The other route we’re considering is a non-viral means of genetically engineering these cells. In viral genetic engineering, there’s always a risk of oncogenesis, or causing cancer, because viruses inset DNA randomly within the host DNA. If we can do this non-virally, we increase the safety profile so that the DNA does not necessarily insert randomly. We then provide a means of genetically editing these cells, which means that in patients with genetic causes of kidney disease, this might be a curative therapy for them.
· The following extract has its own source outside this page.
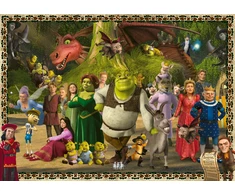 Ravensburger Dėlionė 1000 vnt. - Šrekas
Through our work with nano-sized materials, we are beginning to understand that the charge (neutral, positive, or negative) of these materials influences where these materials go in the body. Our recent work has shown that materials that are very negative in charge home into the kidneys more than other organs. We’re very excited about this data, as this knowledge can lead to improved drug carriers that better deliver drugs to the kidneys for kidney disease, and hopefully improve the side effect profile of those drugs.
Since receiving the grant, we’ve been able to make great progress isolating and growing renal progenitors from patients’ urine, and in initial animal experiments, these cells seem to decrease proteinuria and regenerate lost podocytes. We’re excited about these preliminary data, and are continuing with our “backpack” formulations.
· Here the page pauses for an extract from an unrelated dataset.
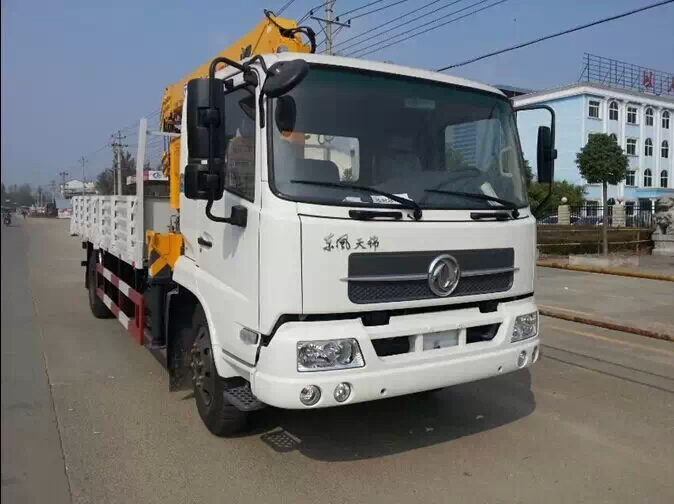 徐工6噸隨車吊配置-廠家-參數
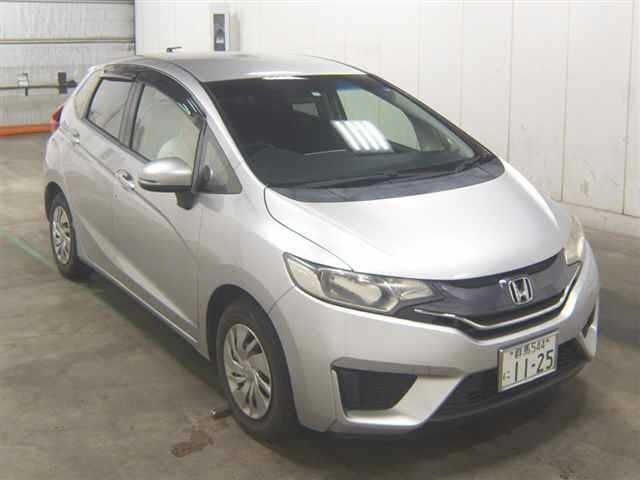 3033 Honda Fit GK3 2013 г. (JU Gunma)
NephCure: You were able to receive funding for this project in a very particular way. Could you describe the grant you received and how it’s different?
Liu: I received this grant through the Department of Defense’s Peer Reviewed Medical Research Program. Typically, for this kind of work we would have applied for funding through the National Institutes of Health (NIH). But we didn’t have that option because the National Institute of Diabetes and Digestive and Kidney Diseases (which funds kidney research as part of the NIH) didn’t have a way to fund early-stage projects without significant established preliminary data. We needed a funding mechanism for this project that encouraged high risk, high potential impact work.
The Department of Defense route for funding had not been done before, because kidney diseases such as FSGS were not listed as an option to study until 2016. [Editor’s note: the Department of Defense Peer Reviewed Medical Research Program designates a list of conditions each year that researchers can select from to apply for funding to study. NephCure volunteer advocates have so far successfully gotten FSGS on the list of designated diseases each year since 2016.] NephCure did a lot of great advocacy work on Capitol Hill to get FSGS on the list as one of the diseases that researchers can receive grants to study. Because of NephCure’s hard work with the Department of Defense, we were able to get these new and exciting ideas funded. The Department of Defense grant allows us to try to generate the preliminary data that may enable us to get more grants, or even perhaps entice biotech companies to get on board.
We are incredibly grateful for NephCure’s great advocacy work. Through this route, our lab was able to secure much-needed research funds to support our work. Thank you to all of the patients, doctors, and activists who made the work I’m doing possible.